Piłkarze Zagłębia Lubin i Zawiszy Bydgoszcz grają w piątek o godz. 18.30 w pierwszym finale Pucharu Polski na Stadionie Narodowym w Warszawie.
Na trybunach zasiądzie m.in. Jan Jan Vincent Rostowski. Były minister finansów, który jest liderem kujawsko-pomorskiej listy PO do Parlamentu Europejskiego, razem z kibicami udał się na ten mecz pociągiem.
Zdjęcie z pociągu w towarzystwie innych fanów piłki nożnej zamieścił na Twitterze. "Kibice @WKSZAWISZA do Guantanamera śpiewali 'Niech wszyscy słyszą, Pan Premier zawsze z Zawiszą' :) - napisał.

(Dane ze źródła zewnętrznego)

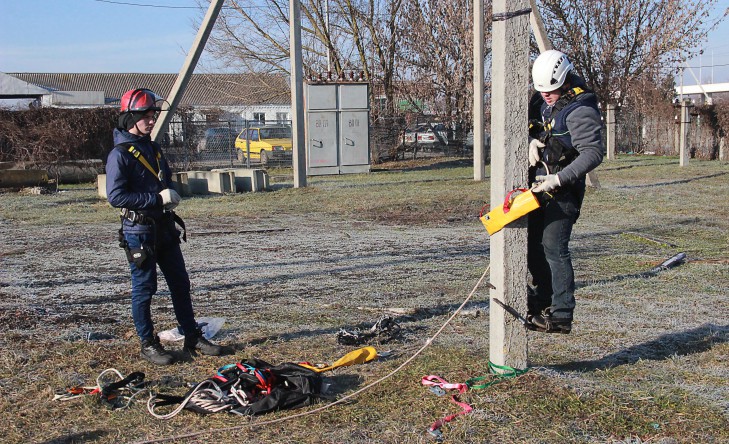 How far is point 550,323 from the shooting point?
477cm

Rostowski pochwalił się także, że część kibiców Zawiszy Bydgoszcz pojechała na mecz busami, z których jeden został sfinansowany przez jego komitet wyborczy.
Do Bydgoszczu?
Internauci nie omieszkali przypomnieć "jedynce" PO wpadki językowej, którą Rostowski zaliczył w czasie wywiadu w regionalnej telewizji. Rostowski postanowił zbliżyć się do wyborców z przypisanego mu przez partię okręgu kujawsko-pomorskiego i zadeklarował, że zamieszka w tym regionie. Dopytywany, gdzie dokładnie, mówił: "W tym zakresie cokolwiek bym zrobił, to będzie źle. Jeżeli zamieszkam w Toruniu, to będzie problem z Bydgoszczem. Jeśli zamieszkam w Bydgoszczu, to kogoś obrażę w Toruniu."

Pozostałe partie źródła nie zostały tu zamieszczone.